What the task requires. Extract all lines from the data beneath that include the word "with".

Records shown.
--- --- ---

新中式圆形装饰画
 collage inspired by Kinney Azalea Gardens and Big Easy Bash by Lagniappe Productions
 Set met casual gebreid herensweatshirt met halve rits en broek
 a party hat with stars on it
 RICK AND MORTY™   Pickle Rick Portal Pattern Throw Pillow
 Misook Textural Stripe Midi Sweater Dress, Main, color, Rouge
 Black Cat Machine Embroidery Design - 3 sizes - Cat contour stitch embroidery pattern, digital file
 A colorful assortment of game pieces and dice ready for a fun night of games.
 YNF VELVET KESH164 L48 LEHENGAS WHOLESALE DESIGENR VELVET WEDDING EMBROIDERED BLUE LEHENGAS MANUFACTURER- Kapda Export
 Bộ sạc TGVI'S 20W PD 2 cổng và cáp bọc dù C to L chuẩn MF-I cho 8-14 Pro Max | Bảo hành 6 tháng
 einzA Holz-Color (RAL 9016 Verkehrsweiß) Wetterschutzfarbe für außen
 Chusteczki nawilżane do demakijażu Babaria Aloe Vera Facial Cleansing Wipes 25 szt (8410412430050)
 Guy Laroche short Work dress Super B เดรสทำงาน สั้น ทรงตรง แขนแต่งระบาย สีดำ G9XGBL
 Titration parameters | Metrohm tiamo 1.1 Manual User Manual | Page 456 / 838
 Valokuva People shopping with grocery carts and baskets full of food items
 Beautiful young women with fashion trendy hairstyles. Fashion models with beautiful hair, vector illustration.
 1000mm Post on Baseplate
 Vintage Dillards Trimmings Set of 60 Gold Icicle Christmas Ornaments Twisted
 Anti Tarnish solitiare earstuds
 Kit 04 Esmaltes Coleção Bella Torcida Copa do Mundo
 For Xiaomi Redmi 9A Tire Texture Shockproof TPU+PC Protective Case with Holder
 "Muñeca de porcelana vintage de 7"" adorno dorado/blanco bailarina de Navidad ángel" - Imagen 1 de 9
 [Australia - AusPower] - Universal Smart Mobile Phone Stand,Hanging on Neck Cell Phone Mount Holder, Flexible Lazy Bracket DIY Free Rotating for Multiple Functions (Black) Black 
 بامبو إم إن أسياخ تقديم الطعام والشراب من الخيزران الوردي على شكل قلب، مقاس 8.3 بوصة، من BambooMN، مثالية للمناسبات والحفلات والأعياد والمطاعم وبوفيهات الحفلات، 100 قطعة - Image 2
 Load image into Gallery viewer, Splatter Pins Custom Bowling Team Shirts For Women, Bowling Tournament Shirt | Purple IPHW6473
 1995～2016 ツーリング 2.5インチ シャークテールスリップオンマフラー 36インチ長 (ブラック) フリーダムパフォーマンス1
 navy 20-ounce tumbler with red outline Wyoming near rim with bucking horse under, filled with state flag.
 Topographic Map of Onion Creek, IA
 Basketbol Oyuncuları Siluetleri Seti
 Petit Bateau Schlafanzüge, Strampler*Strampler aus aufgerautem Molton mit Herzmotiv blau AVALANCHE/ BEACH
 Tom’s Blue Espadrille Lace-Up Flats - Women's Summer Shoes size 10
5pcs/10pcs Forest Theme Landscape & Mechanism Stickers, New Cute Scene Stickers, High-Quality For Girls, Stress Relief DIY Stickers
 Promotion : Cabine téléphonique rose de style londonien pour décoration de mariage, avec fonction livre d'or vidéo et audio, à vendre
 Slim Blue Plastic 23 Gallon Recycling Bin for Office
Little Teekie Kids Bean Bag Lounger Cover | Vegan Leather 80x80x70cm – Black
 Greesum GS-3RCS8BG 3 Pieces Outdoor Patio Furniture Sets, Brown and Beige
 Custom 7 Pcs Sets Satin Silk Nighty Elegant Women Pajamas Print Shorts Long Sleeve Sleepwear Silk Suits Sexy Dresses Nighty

--- --- ---

Solution for this exercise.
 a party hat with stars on it
 Valokuva People shopping with grocery carts and baskets full of food items
 Beautiful young women with fashion trendy hairstyles. Fashion models with beautiful hair, vector illustration.
 For Xiaomi Redmi 9A Tire Texture Shockproof TPU+PC Protective Case with Holder
 navy 20-ounce tumbler with red outline Wyoming near rim with bucking horse under, filled with state flag.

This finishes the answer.